A) O pedido dos Embargantes/Recorridos de extinção do contrato de comodato por resolução improcedeu e não pode a Notificação Judicial junta aos autos para o fundamentar, ser aproveitada para se decidir como pedido alternativo ( Extinção do contrato por denúncia) dos Embargantes/Recorridos que não foi feito pelos mesmos, em clara violação do disposto nos artigos 5.º, n.º 3 e 609.º, n.º 1, do C.P.C..

B) O contrato de comodato dos autos tem prazo certo e uso determinado, pelo que não pode extinguir-se por denúncia, porém tendo decidido em sentido contrário a Decisão recorrida viola nesta parte o disposto artigo 1137.º, n.º 2, do C.C..

C) Sem prescindir, se a conclusão da al.
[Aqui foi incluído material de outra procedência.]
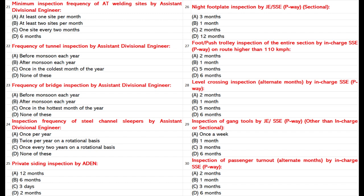Level crossing inspection alternate months by In-Charge SSE P-Way: A. 2 months. B. 1 month. C. 5 months. D. 6 months. Answer: B. 1 month.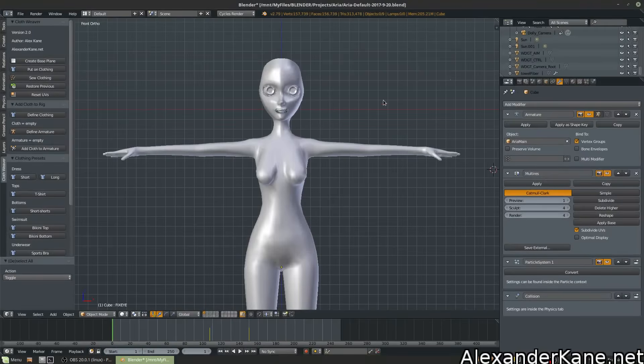Welcome to Clothweaver 2.0, everyone. This add-on is designed to dramatically speed up your workflow when dealing with cloth.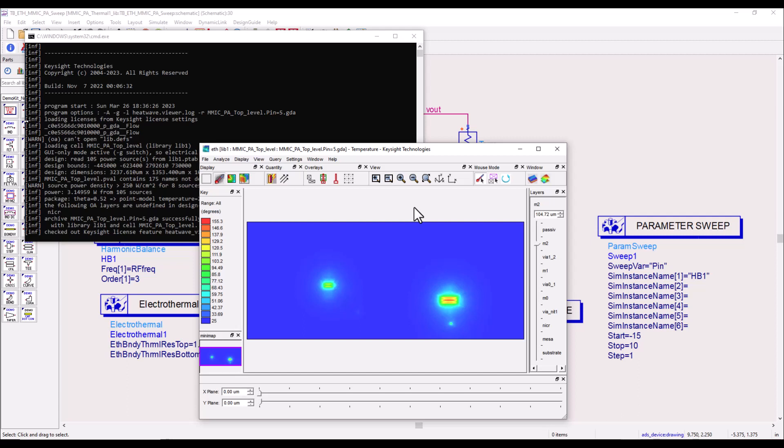So that's all for this video. I hope you found it very easy and understood how you can run the electrothermal analysis no matter how complex your MMIC or IC designs are. Thanks a lot for your attention, wish you all the best in your design work.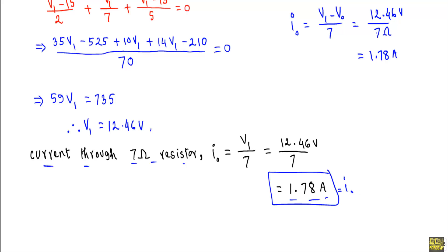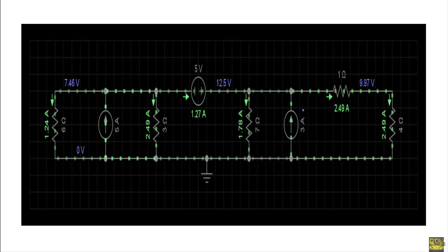Looking at the simulation of the original circuit, the current flowing through the 7 ohm resistor — I-naught — is exactly 1.78 amperes, confirming our answer. Thank you.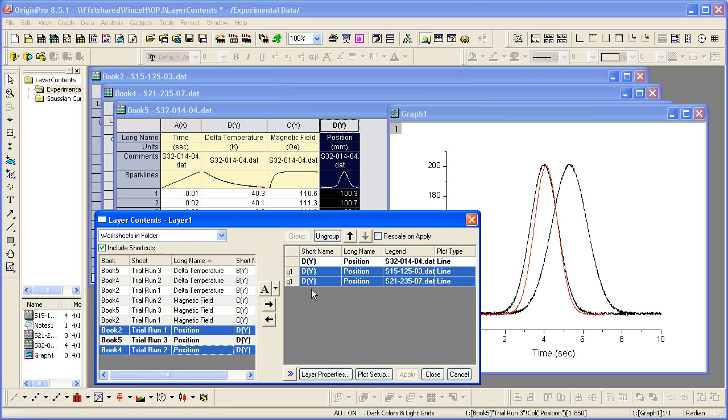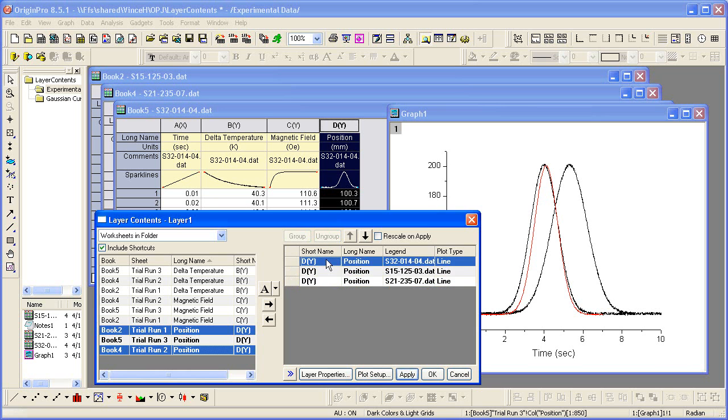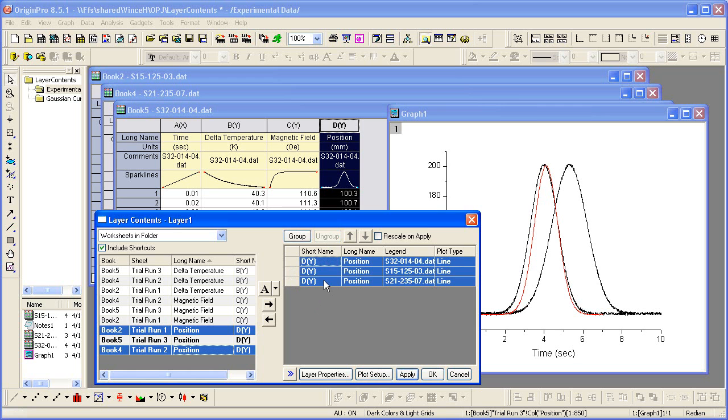I brought those two datasets over together, and so they came in by default as a group. If I want to group all of the datasets that are now plotted together as one group, I can ungroup the existing, then select all my datasets and regroup. Clicking Apply shows that the new group has been applied, because now the three plots have different colors.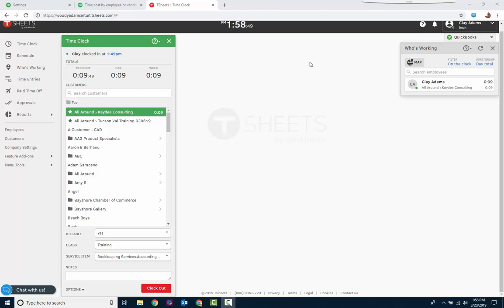Thanks for watching this updated video on the enhancement to project tracking in QuickBooks Online Plus and QuickBooks Online Advanced. This will not be in Simple Starter Essentials, but you're going to be using Plus at least for project tracking anyways.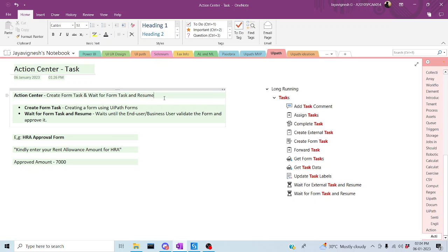Hi, welcome back to the YouTube channel. Let's start rebuilding work using UiPath. In today's session, we're going to discuss a couple of activities in Action Center, which is nothing but Create Form Task and Wait for Form Task and Resume. We are going to create a form in Action Center, approve from over there, and get a result in UiPath Studio.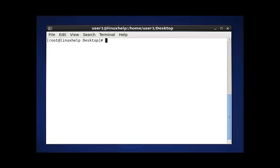That's all about the df command. Let me see the new topic in another video. Thank you.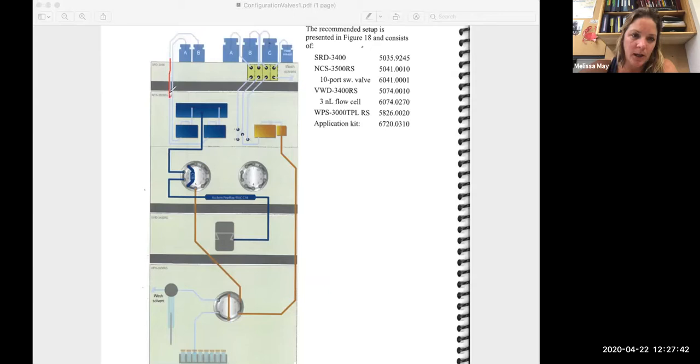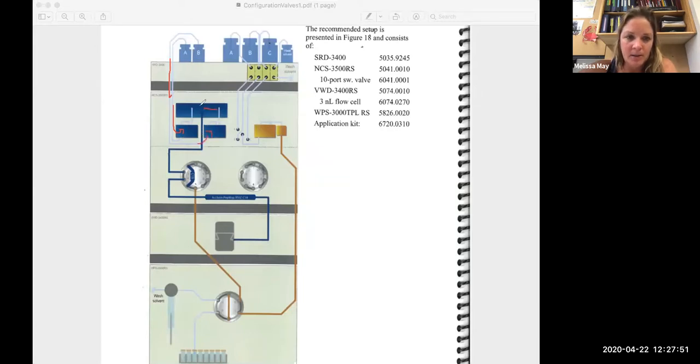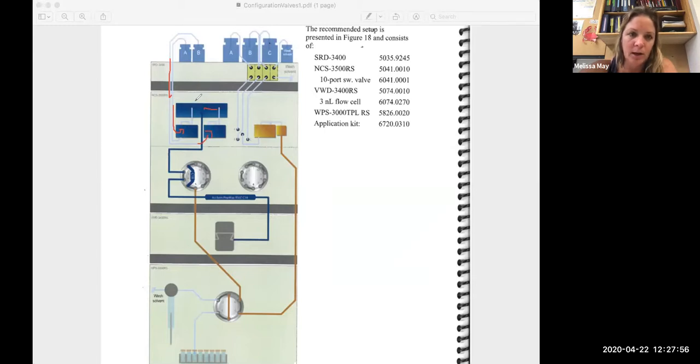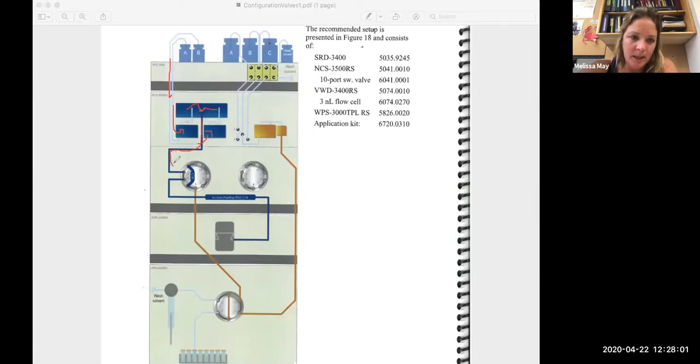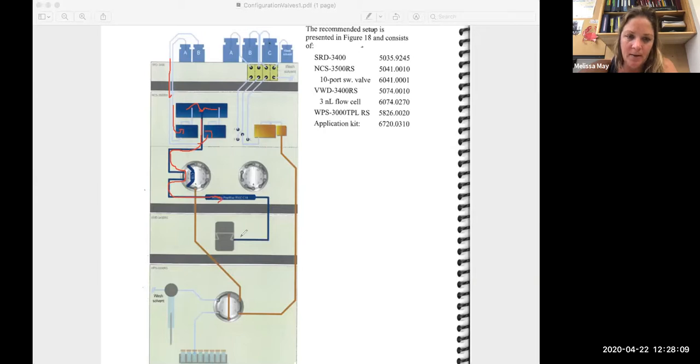So you have solvent A and solvent B that are going to come into their various blocks. Those are going to get mixed together in this flow meter, and they're going to come down and in the one-two position flow directly onto the column and then get sent out to the mass spec.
B) não for o douto entendimento de V. Exas, e ao invés se entender que o comodato dos autos não tem prazo certo, mas tendo uso determinado como se demonstrou e ficou provado na decisão ora recorrida, esta viola a norma contida no n.º 1 do artigo 1137.º do C.C..

Termos em que e nos melhores de direito, e com o sempre mui douto suprimento de V. Exas deve a decisão proferida pelo tribunal a quo ser revogada e, em consequência, serem os embargos julgados improcedentes e manter-se a comodatária / embargada na posse do imóvel dos autos.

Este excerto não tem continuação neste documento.